> [Goal of the exercise]: Write out each entry below exactly. Do not include the images.

Short web captions
┄┄┄┄┄┄

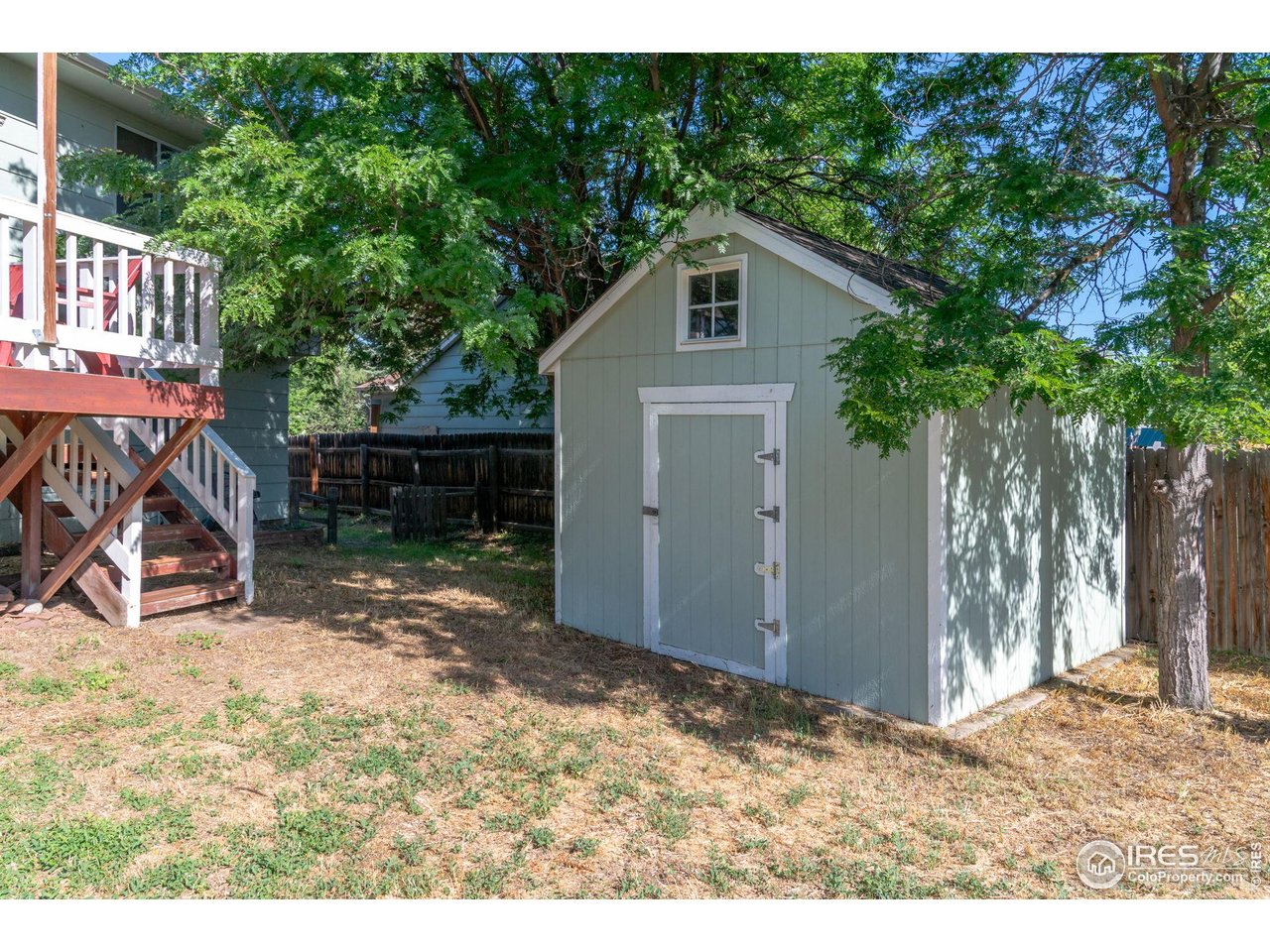 1305 Inverness Drive Lafayette, CO 80026 - Photo 35 of 41 a view of a small house with a tree in the background
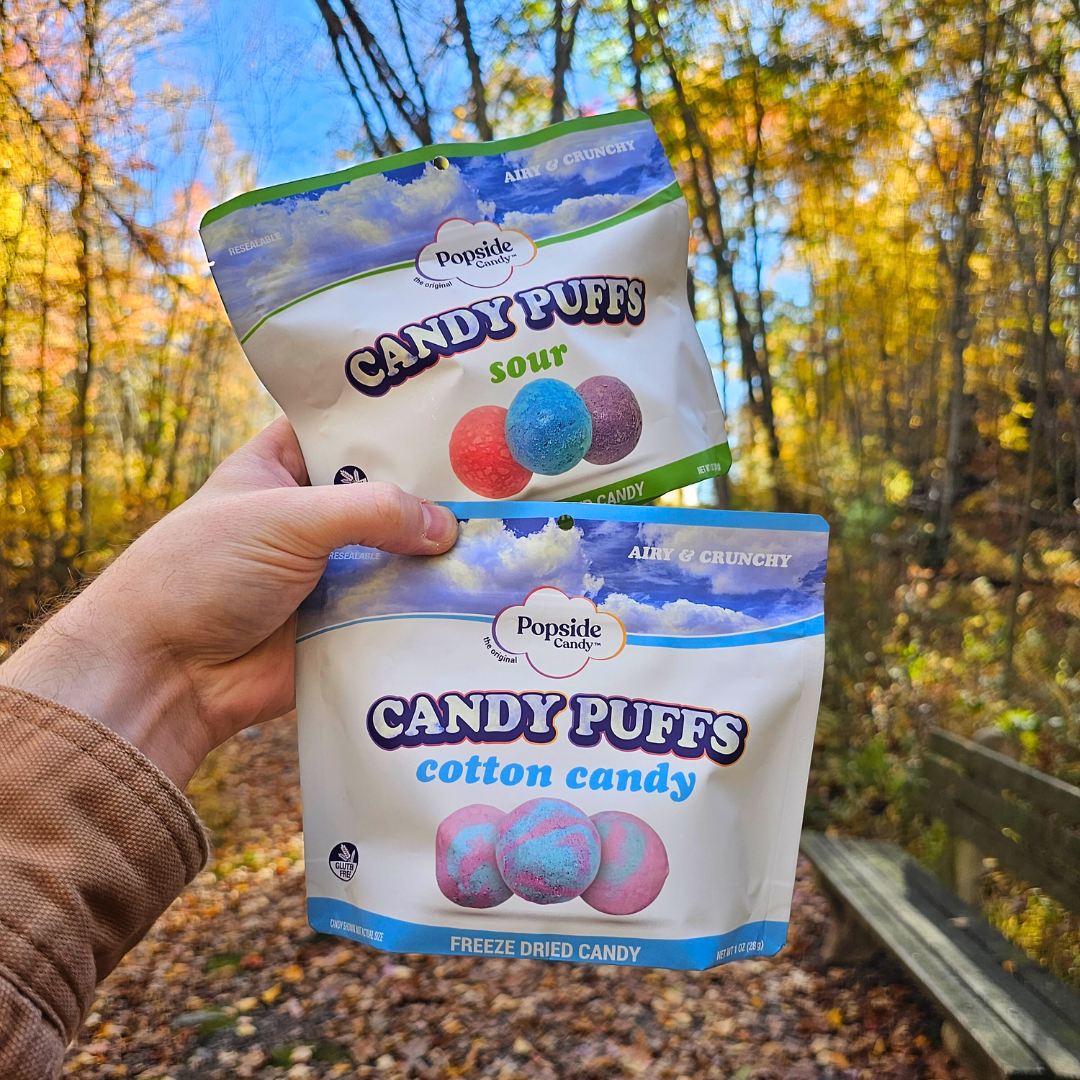 Freeze dried candy bags held up in air with colorful fall leaves in the background.
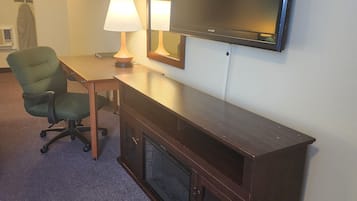 A hotel room with a flat-screen TV mounted on the wall, a wooden desk with a lamp, a green office chair, and a fireplace.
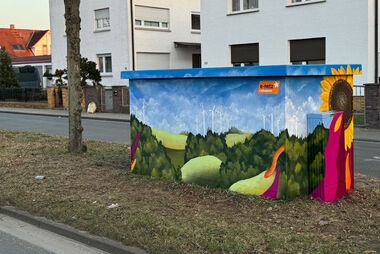 Gestaltete Trafostation mit grüner Hügellandschaft und Baumgruppen und einem blauen Himmel. Im Hintergrund stehen Wohnhäuser.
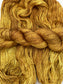 Twisted hanks of Cowardly Lion silk blend yarn by Red Door Fibers (tonal)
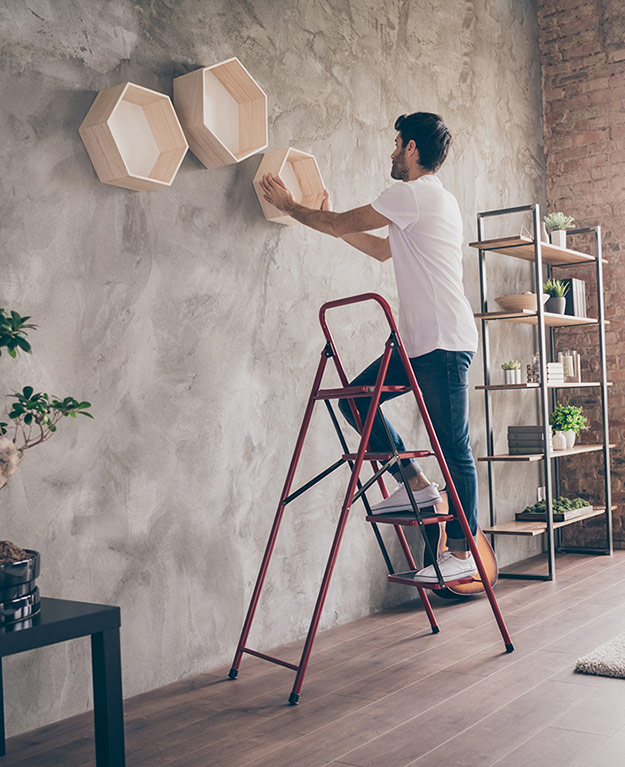 Mann steht auf einer Leiter im Wohnzimmer und montiert Holzboxen an der Wand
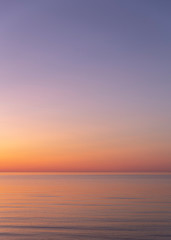 Fototapeta premium Vertical background of beuatiful sunset in the sea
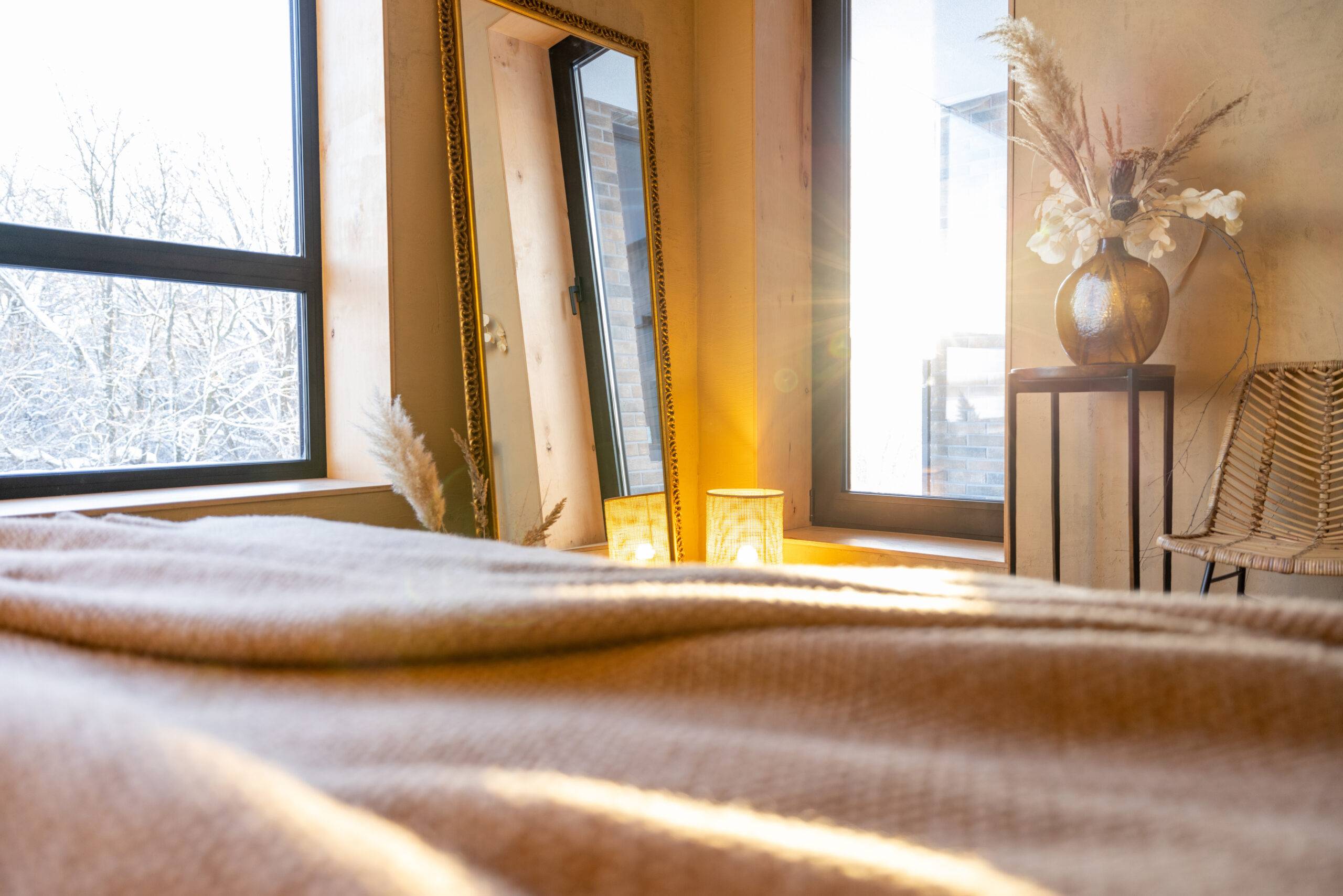 Stylish beige bedroom interior in natural boho style during a morning sunshine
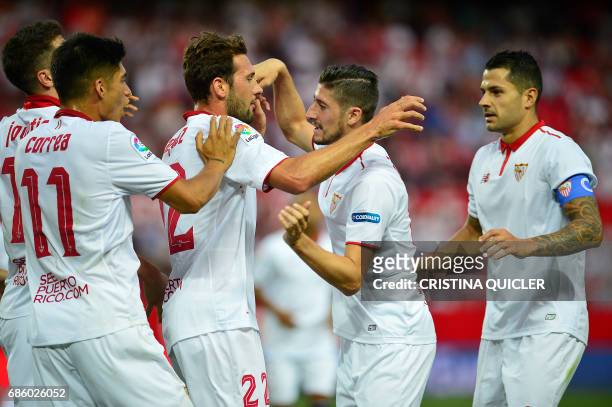 Sevilla's Italian forward Franco Vazquez celebrates after scoring a goal with Sevilla's Argentinian midfielder Joaquin Correa , Sevilla's Montenegrin...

┄┄┄┄┄┄

> [Answer to this problem]:
 1305 Inverness Drive Lafayette, CO 80026 - Photo 35 of 41 a view of a small house with a tree in the background
 Freeze dried candy bags held up in air with colorful fall leaves in the background.
 A hotel room with a flat-screen TV mounted on the wall, a wooden desk with a lamp, a green office chair, and a fireplace.
 Gestaltete Trafostation mit grüner Hügellandschaft und Baumgruppen und einem blauen Himmel. Im Hintergrund stehen Wohnhäuser.
 Twisted hanks of Cowardly Lion silk blend yarn by Red Door Fibers (tonal)
 Mann steht auf einer Leiter im Wohnzimmer und montiert Holzboxen an der Wand
 Fototapeta premium Vertical background of beuatiful sunset in the sea
 Stylish beige bedroom interior in natural boho style during a morning sunshine
 Sevilla's Italian forward Franco Vazquez celebrates after scoring a goal with Sevilla's Argentinian midfielder Joaquin Correa , Sevilla's Montenegrin...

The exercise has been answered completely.